## Your objective
The expected output is every line of the data exactly as shown, minus the images.

## Records for this exercise
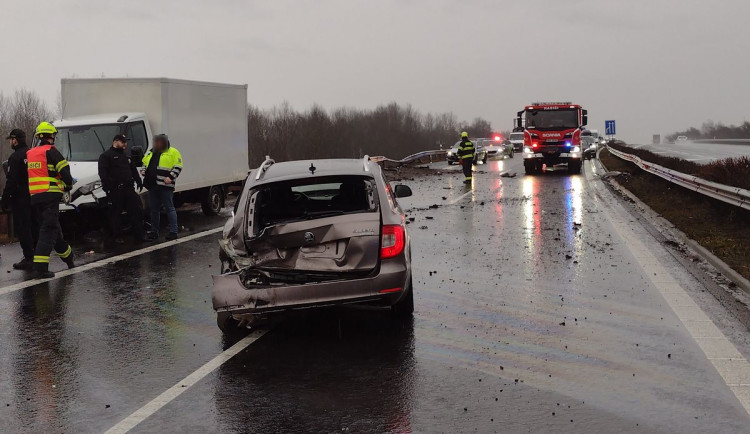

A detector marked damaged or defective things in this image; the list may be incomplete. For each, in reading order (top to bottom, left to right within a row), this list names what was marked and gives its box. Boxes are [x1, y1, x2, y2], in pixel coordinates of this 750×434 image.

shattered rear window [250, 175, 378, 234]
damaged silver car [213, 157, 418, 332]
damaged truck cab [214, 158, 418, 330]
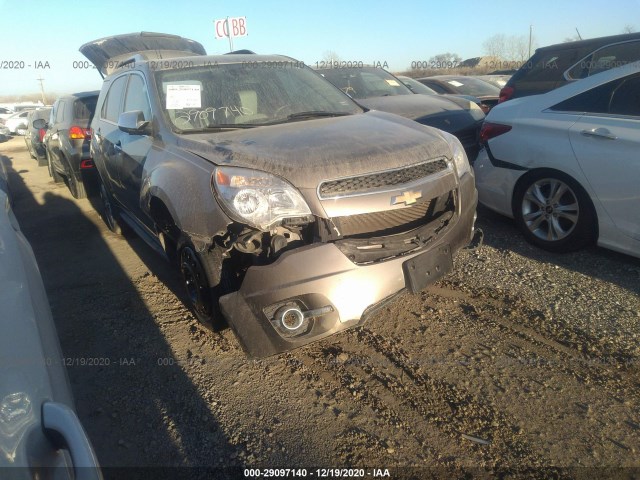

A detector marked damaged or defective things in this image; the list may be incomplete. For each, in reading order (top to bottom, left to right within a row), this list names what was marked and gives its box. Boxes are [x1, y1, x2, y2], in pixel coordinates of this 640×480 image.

## Answer to this task
A detector marked damaged or defective things in this image; the list may be incomplete. For each, in reading order (top to bottom, left to right within a row), this list names what was marked and gives its box. Boxes are [x1, y1, x2, y2], in pixel coordinates of this 750×434 image.

shattered rear window [250, 175, 378, 234]
damaged silver car [213, 157, 418, 332]
damaged truck cab [214, 158, 418, 330]

A detector marked damaged or defective things in this image; the list may be incomplete. For each, in reading order (top to bottom, left to right within a row), this list names what was marked and gives its box. Boxes are [x1, y1, x2, y2], in pixel coordinates of this 640×480 image.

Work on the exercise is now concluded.